5.1 - As derrotas mais recentes
Da Constituição de 1988 os setores laicos da educação já saíram derrotados
porque a lei manteve o caráter obrigatório para a oferta do Ensino Religioso nos
horários normais das escolas públicas de ensino fundamental. Minimizando o dano, a LDB de 1996 reincorpora o dispositivo “sem ônus para os cofres públicos”, mas o lobby da Igreja Católica não deixaria por menos e tornaria a derrota ainda pior. É justamente nesse momento que o Fórum Nacional Permanente do Ensino Religioso (Fonaper), uma organização composta por cristãos de diversas origens é criado. O então Ministro da Educação, Paulo Renato Souza, propôs alterar a LDB já no momento de sua promulgação e três novos projetos foram propostos, sendo aprovado o do deputado Padre Roque (PT-PR). Tramitando evidentemente em regime de urgência, o projeto
resulta na Lei n. 9475, de 22 de julho de 1997. A LDB é modificada e o Ensino
Religioso é considerado “parte integrante da formação básica do cidadão”. A restrição aos gastos públicos com o Ensino Religioso desaparece e caberá aos estados regulamentarem os procedimentos para definir o conteúdo dessas disciplinas, bem como a forma de selecionar e contratar seus professores.
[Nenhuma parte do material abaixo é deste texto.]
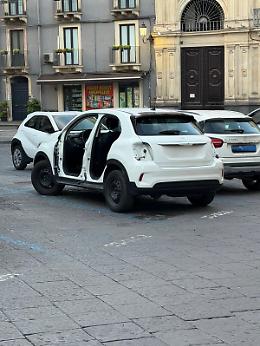 Il fenomeno delle auto cannibalizzate in strada a Catania: smontate in pochi minuti, un incubo per i proprietari
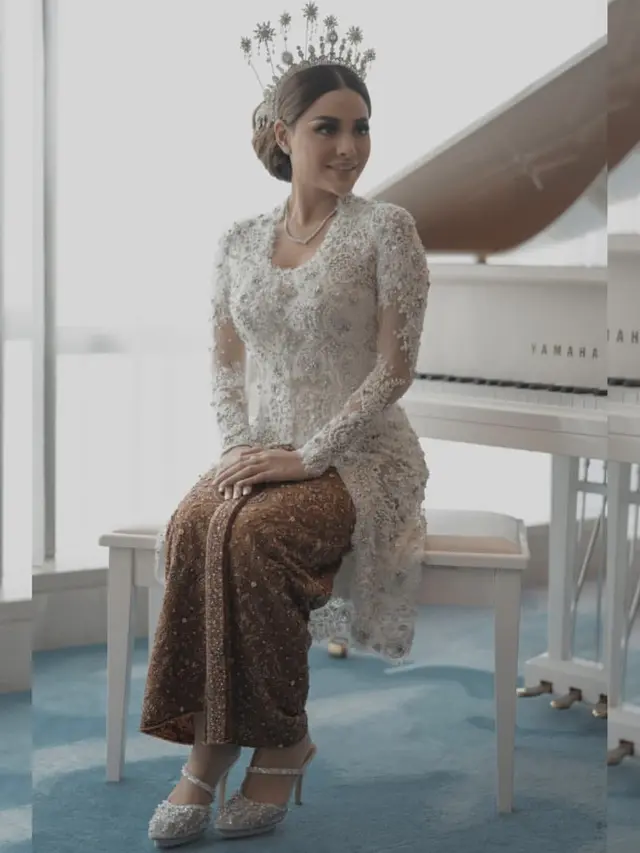 Adu Gaya Publik Figur Kenakan Heels. Dok. Regis Bridal Shoes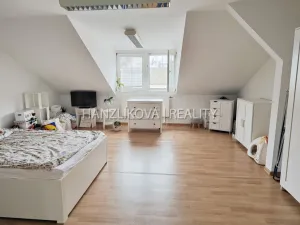 Pronájem bytu 2+kk, České Budějovice - České Budějovice 6, Chelčického, 62 m2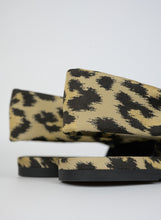 Load image into Gallery viewer, Dior Slingback in tessuto leopardato - N. 39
Estava aberto o caminho para cada  um fazer o que quiser, como bem entender e, por que não, como bem mandar a fé de governos, professores e diretores de escolas?


5. 2 - O obscurantismo do Rio
Presbiterianos e eleitos com largo apoio das igrejas evangélicas, o “casal
Garotinho” não desperdiçou a chance de evangelizar o Estado. Em setembro de 2000, o marido sanciona a Lei 3.459, do ex-deputado católico Carlos Dias (PP-RJ) que estabelece o ensino religioso confessional na rede estadual. Em 2003, a Assembléia Legislativa do Rio tenta modificar a Lei dizendo que ela terá caráter histórico, sem diferenciação de credos. A esposa, já governadora, veta este artigo da proposta e, em janeiro do ano seguinte, realiza o concurso público onde foram aprovados 1299 professores de ensino religioso. O concurso oferecia 500 vagas, todas preenchidas.

Esses professores se somaram aos 364 professores que, amparados pelo Decreto 31086 de 2002, do marido, já haviam sido desviados de outras disciplinas e lecionavam educação religiosa. Em março do mesmo ano, a ALERJ ratifica o veto de Rosinha e o ensino confessional está consumado.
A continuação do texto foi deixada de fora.